__Work order__
Please count how many lines below contain the word "Volkswagen" and give nothing but that figure.

Dataset content Start Marker

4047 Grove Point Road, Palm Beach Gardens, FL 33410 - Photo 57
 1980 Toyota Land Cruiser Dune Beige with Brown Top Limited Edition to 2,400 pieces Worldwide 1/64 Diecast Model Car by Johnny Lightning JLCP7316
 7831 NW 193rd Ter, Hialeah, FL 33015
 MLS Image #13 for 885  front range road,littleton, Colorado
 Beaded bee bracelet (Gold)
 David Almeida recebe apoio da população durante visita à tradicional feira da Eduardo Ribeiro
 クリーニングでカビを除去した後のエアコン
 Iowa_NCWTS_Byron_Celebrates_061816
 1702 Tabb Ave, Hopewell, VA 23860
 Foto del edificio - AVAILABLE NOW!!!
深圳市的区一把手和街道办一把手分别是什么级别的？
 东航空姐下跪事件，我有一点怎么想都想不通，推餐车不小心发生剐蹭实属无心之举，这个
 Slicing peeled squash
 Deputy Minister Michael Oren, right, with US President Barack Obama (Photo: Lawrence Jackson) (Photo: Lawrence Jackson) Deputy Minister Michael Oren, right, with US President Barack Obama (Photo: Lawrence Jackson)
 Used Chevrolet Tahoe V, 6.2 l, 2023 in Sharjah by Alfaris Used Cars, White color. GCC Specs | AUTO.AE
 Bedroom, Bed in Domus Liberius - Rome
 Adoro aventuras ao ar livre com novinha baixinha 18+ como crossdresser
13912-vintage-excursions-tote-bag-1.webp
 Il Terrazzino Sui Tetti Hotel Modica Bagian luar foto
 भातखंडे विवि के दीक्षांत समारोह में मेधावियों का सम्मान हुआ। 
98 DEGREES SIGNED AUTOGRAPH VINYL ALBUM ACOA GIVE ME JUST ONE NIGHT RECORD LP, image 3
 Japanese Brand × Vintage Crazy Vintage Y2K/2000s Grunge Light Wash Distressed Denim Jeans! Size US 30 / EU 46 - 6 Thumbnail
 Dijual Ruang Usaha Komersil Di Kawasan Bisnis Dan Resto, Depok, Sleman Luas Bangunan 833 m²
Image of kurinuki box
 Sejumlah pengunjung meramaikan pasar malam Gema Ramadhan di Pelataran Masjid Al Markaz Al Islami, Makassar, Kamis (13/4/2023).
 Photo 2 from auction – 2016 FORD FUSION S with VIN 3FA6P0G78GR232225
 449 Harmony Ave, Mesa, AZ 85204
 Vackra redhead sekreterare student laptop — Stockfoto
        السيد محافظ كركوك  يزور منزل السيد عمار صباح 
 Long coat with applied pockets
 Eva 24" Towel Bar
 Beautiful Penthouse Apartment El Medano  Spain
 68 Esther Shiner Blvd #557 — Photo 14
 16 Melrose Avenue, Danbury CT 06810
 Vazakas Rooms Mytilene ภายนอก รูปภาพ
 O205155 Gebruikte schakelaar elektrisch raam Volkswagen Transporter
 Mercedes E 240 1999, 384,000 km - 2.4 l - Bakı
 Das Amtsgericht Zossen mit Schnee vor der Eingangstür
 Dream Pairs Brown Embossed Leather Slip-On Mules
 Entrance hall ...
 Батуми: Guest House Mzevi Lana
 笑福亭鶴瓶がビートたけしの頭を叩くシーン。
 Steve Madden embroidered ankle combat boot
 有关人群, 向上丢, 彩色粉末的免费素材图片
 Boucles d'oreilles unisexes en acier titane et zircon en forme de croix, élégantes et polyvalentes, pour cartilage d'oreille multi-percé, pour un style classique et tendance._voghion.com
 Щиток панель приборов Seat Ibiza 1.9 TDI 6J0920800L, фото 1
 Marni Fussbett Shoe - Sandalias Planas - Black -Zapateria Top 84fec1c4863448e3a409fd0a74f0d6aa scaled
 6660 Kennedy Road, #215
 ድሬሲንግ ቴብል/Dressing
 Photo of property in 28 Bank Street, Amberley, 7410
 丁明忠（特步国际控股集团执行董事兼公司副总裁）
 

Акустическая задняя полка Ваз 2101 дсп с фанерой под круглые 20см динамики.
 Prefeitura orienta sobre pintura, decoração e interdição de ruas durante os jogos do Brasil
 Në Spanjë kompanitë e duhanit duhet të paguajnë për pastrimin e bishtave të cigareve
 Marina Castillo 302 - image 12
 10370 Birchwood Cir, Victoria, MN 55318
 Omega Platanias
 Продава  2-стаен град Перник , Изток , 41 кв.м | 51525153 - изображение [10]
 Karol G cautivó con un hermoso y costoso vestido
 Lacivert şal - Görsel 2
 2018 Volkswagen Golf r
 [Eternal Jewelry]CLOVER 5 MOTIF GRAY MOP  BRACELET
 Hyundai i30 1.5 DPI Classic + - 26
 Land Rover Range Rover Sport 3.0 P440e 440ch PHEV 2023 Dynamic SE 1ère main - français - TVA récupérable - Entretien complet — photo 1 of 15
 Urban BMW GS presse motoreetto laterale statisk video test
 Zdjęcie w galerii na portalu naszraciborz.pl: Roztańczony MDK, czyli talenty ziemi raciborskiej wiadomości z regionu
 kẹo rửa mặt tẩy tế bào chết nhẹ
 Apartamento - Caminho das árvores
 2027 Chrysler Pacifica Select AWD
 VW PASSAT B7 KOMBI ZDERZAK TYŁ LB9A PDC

Dataset content End Marker

__Completed exercise__
2